§ **Image-text web data**:
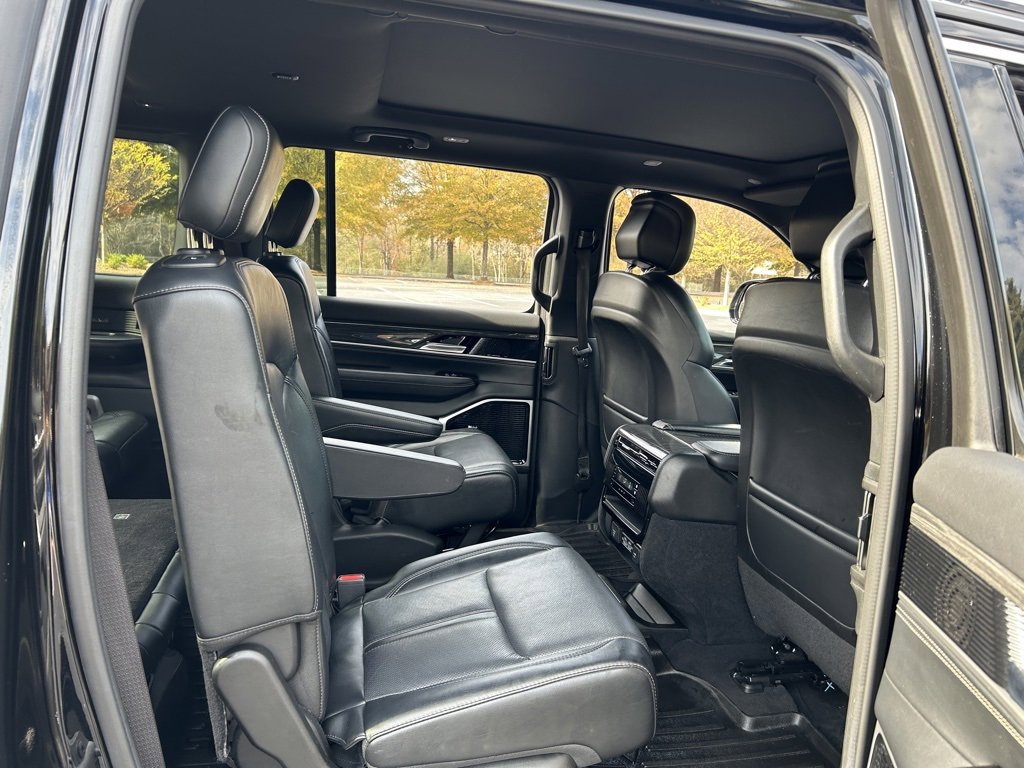 Used 2022 Jeep Wagoneer Series III w/ Premium Group I image 50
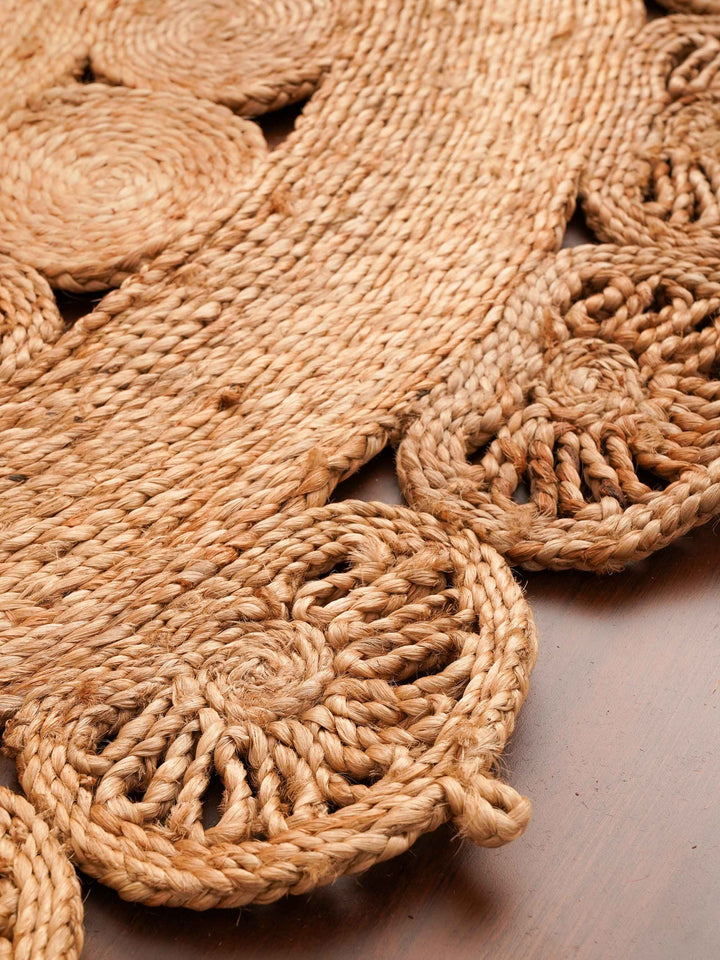 MandalaWeave Hand Woven Jute Oriental Round Rug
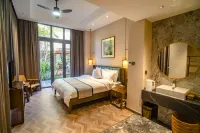 Taishan Yihe Quanwu Hot Spring Villa (Taishan Yihe Hot Spring City Shop) Hotels in Taishan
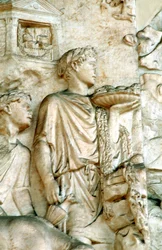 Ara Pacis, Róma, ie 9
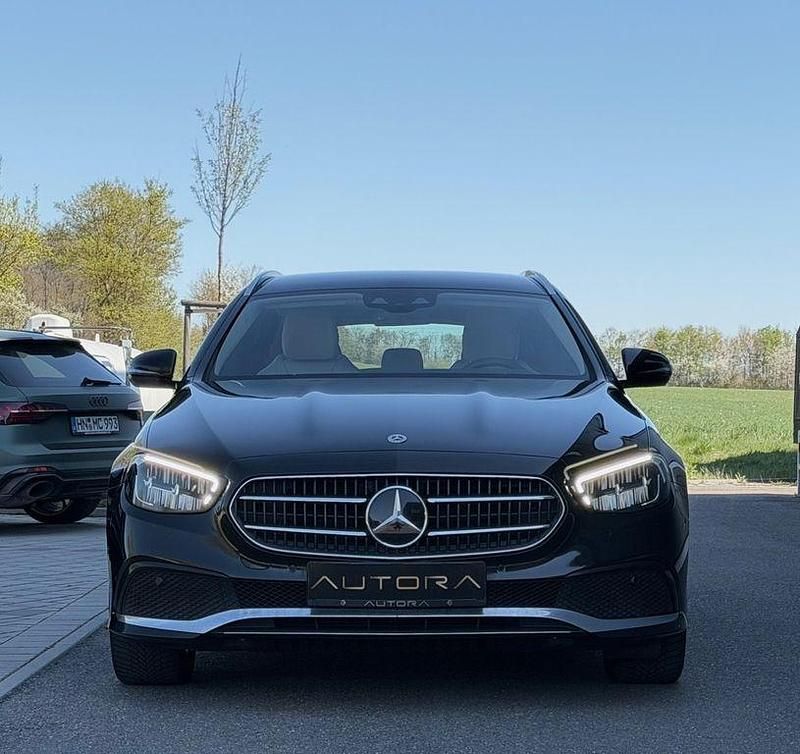Gebraucht Mercedes E220 Avantgarde 200 PS (147 kW) 2022 Schwarz Kombi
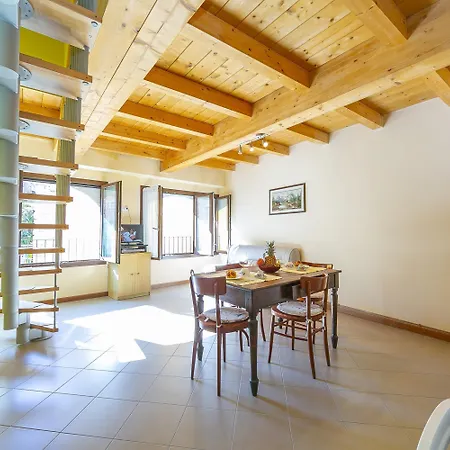 Holiday home Historic Casa Baroni Near Orta - Happy Madonna Del Sasso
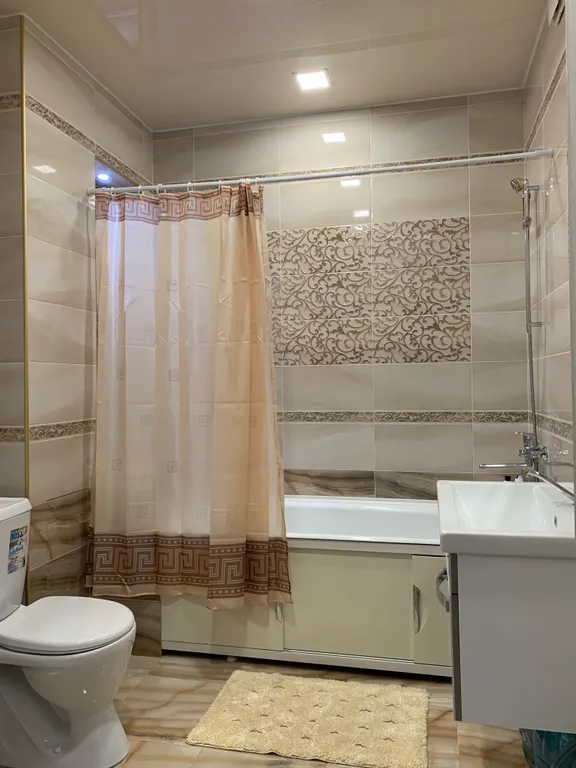 Квартира однокомнатная в Фрунзенском, 53 м², Владивосток — ванная комната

§ **Activity**:
A verbatim copy of the entries, stripped of pictures, should be produced.

§ **Answer section**:
 Used 2022 Jeep Wagoneer Series III w/ Premium Group I image 50
 MandalaWeave Hand Woven Jute Oriental Round Rug
 Taishan Yihe Quanwu Hot Spring Villa (Taishan Yihe Hot Spring City Shop) Hotels in Taishan
 Ara Pacis, Róma, ie 9
Gebraucht Mercedes E220 Avantgarde 200 PS (147 kW) 2022 Schwarz Kombi
 Holiday home Historic Casa Baroni Near Orta - Happy Madonna Del Sasso
 Квартира однокомнатная в Фрунзенском, 53 м², Владивосток — ванная комната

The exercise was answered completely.